### Records supplied

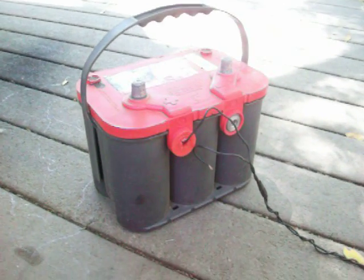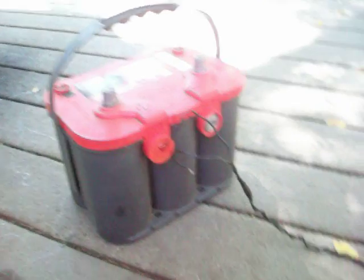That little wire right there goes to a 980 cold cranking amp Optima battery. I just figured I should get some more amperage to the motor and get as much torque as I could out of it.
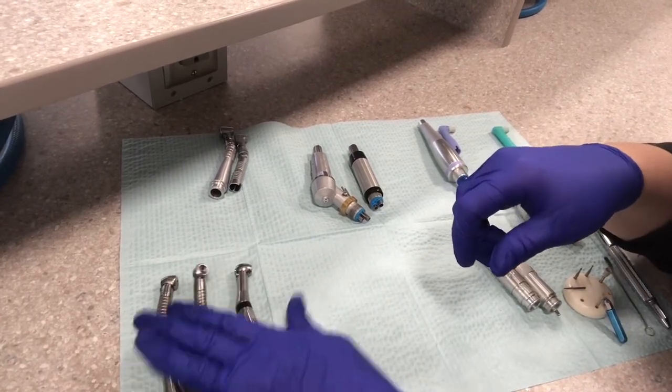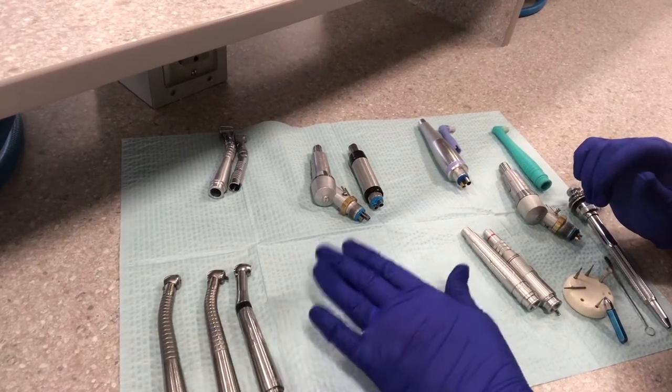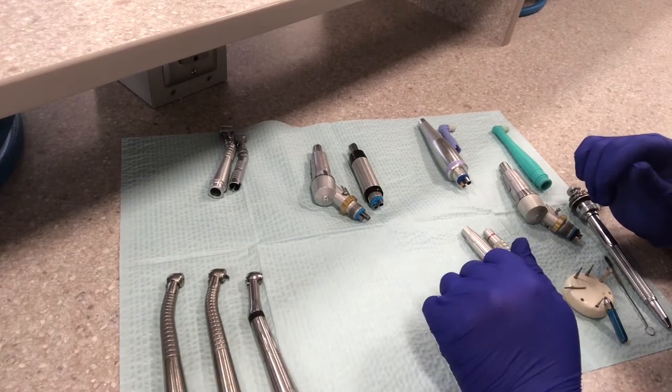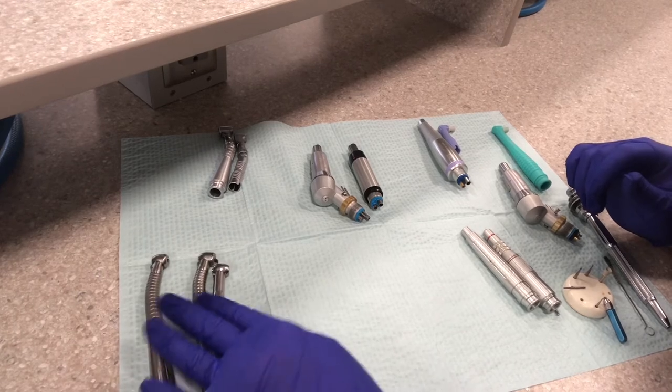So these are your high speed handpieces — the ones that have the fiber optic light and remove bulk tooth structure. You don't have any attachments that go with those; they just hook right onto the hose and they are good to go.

######
### Records supplied

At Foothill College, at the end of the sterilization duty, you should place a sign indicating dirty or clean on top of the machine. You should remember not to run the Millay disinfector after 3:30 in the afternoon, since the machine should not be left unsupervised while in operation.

######

-- Task to complete --
Only the lines above from the one containing "That little wire" through the one containing "So these are" should be returned, verbatim and inclusive, with pictures excluded.

-- Expected output --
That little wire right there goes to a 980 cold cranking amp Optima battery. I just figured I should get some more amperage to the motor and get as much torque as I could out of it.
So these are your high speed handpieces — the ones that have the fiber optic light and remove bulk tooth structure. You don't have any attachments that go with those; they just hook right onto the hose and they are good to go.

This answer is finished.